# Data listing
────────
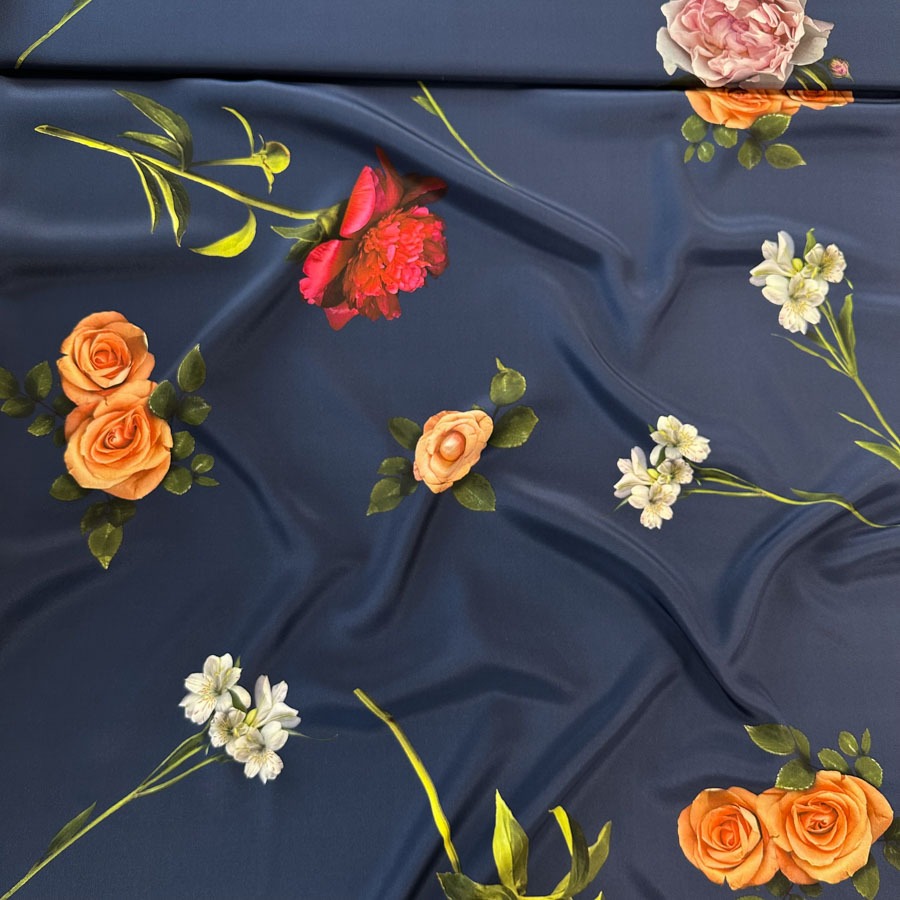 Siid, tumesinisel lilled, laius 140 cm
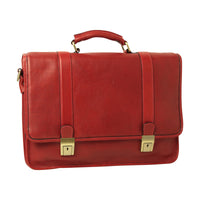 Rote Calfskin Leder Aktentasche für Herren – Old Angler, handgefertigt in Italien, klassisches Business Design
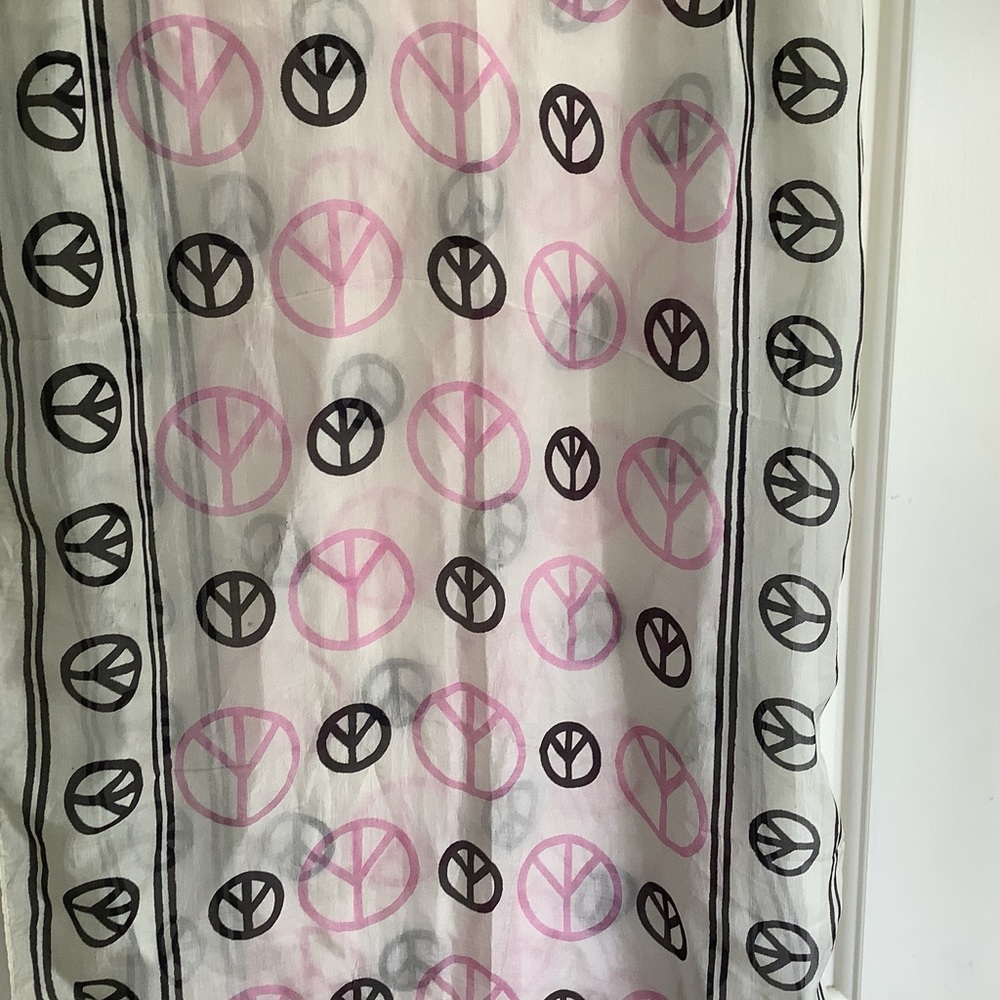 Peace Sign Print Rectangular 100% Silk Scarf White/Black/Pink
────────
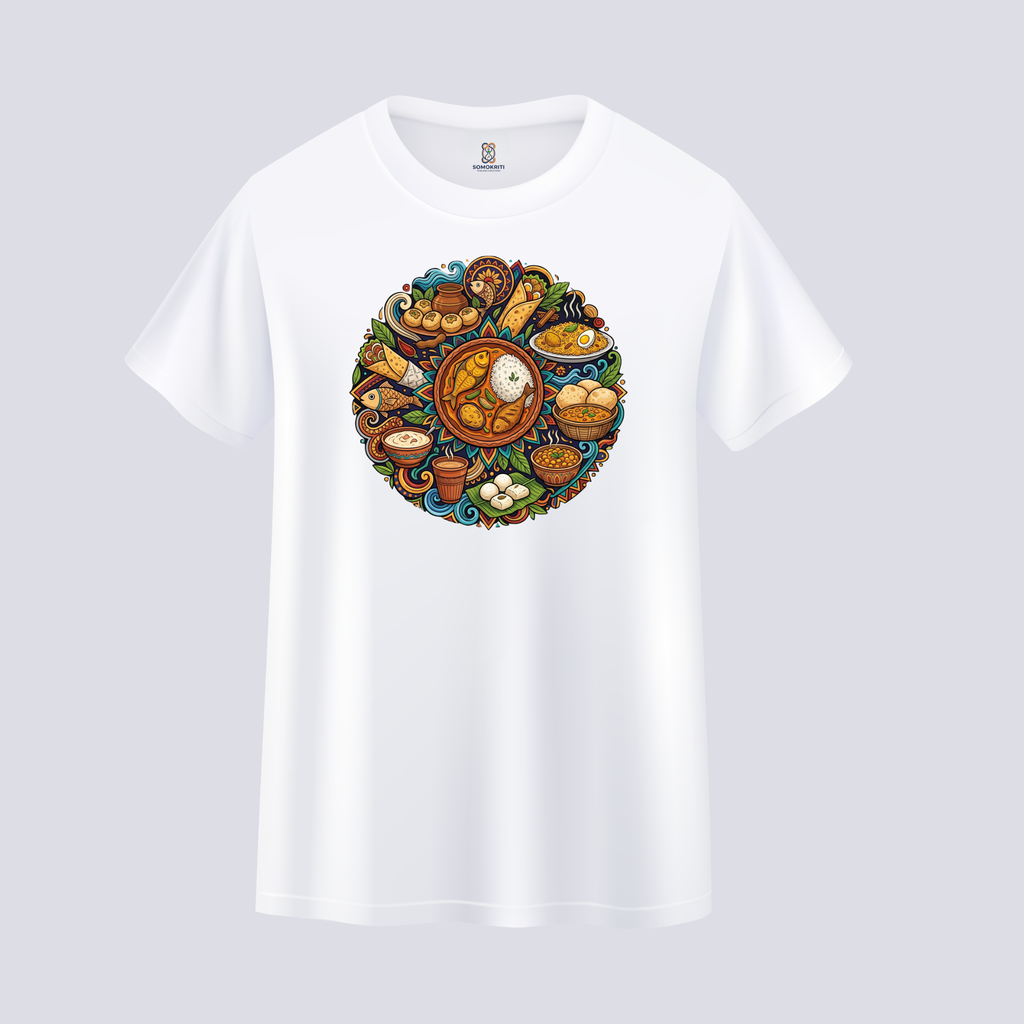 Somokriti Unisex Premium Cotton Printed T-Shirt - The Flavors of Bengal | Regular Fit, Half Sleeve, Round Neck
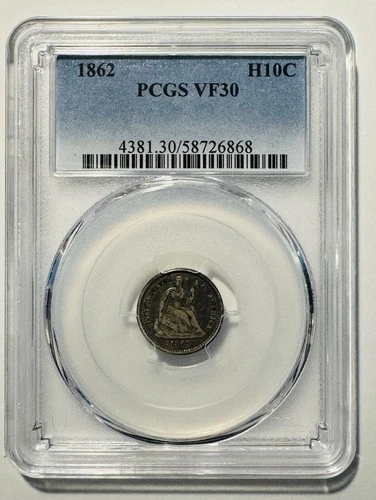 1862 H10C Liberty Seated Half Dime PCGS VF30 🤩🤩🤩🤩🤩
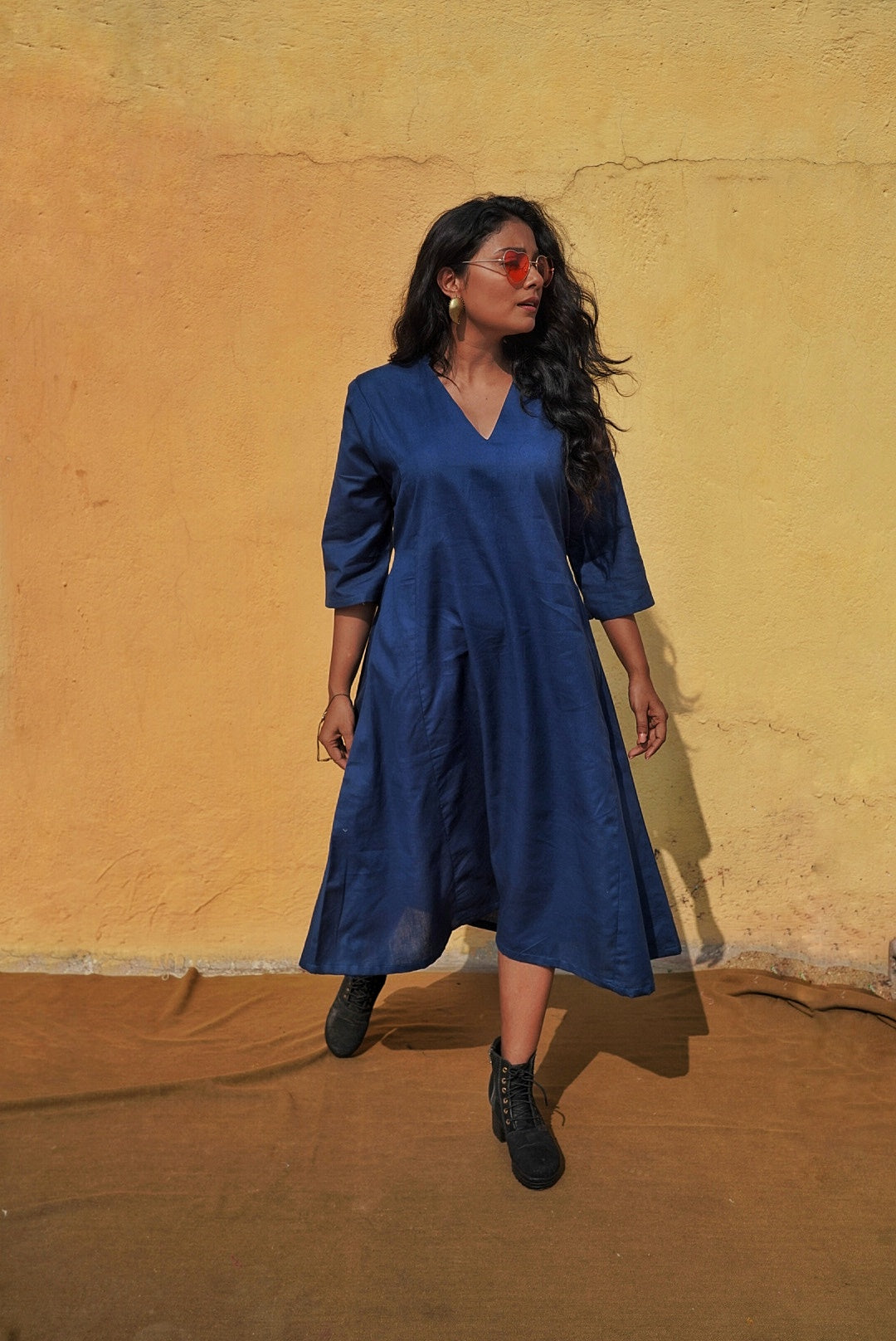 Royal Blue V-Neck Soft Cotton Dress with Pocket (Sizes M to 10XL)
────────
# What to work on
Print, exactly and with no pictures, the lines of the listing above starting at the one that has "1862 H10C Liberty" and ending at the one that has "Royal Blue V-Neck", both included.

# Expected answer
 1862 H10C Liberty Seated Half Dime PCGS VF30 🤩🤩🤩🤩🤩
 Royal Blue V-Neck Soft Cotton Dress with Pocket (Sizes M to 10XL)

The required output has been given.